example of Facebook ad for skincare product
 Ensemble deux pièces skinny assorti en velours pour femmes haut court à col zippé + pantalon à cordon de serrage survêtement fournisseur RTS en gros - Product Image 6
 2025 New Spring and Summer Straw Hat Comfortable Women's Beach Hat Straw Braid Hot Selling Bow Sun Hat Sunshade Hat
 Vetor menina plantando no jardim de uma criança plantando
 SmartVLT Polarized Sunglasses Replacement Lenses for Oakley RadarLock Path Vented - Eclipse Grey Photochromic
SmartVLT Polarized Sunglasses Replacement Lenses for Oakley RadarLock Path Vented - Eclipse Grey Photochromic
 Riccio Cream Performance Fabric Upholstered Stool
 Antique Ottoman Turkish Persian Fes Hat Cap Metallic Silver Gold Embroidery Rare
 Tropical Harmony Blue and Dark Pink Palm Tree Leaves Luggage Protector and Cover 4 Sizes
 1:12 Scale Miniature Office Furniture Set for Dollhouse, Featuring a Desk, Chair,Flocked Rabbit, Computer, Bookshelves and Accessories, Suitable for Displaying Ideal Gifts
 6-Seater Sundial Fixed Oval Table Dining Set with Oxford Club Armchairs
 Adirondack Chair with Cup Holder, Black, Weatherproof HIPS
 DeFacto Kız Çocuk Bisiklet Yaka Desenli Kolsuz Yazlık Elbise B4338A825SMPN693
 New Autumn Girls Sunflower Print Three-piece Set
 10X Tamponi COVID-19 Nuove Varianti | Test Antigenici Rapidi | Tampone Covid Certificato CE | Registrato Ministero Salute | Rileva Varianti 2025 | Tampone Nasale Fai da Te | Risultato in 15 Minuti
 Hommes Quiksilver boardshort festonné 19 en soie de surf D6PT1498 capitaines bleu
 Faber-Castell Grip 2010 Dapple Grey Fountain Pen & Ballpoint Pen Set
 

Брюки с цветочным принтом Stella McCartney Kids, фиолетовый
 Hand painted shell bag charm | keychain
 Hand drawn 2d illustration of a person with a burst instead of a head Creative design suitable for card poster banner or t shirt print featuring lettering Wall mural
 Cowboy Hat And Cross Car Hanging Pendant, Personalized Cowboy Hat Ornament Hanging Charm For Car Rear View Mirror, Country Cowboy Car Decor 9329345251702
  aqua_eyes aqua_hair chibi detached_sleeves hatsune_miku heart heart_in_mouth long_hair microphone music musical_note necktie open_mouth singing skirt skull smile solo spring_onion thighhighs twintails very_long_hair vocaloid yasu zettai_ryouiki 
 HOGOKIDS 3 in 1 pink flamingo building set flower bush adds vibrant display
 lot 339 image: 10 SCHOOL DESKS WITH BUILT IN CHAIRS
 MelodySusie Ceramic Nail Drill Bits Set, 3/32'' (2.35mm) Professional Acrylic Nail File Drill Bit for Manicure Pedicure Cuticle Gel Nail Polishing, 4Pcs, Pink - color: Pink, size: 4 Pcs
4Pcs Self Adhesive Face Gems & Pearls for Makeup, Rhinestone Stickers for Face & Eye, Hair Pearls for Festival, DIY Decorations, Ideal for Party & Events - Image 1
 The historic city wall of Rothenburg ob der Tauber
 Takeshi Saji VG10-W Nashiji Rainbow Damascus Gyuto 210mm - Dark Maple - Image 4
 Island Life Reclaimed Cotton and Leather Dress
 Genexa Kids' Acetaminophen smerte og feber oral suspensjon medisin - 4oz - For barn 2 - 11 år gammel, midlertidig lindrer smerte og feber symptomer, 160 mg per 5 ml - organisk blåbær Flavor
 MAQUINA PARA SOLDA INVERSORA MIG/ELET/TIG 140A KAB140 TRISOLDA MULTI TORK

___

[Exercise directions]
From the entries above, copy every line that holds the word "Replacement".

[Task result]
 SmartVLT Polarized Sunglasses Replacement Lenses for Oakley RadarLock Path Vented - Eclipse Grey Photochromic
SmartVLT Polarized Sunglasses Replacement Lenses for Oakley RadarLock Path Vented - Eclipse Grey Photochromic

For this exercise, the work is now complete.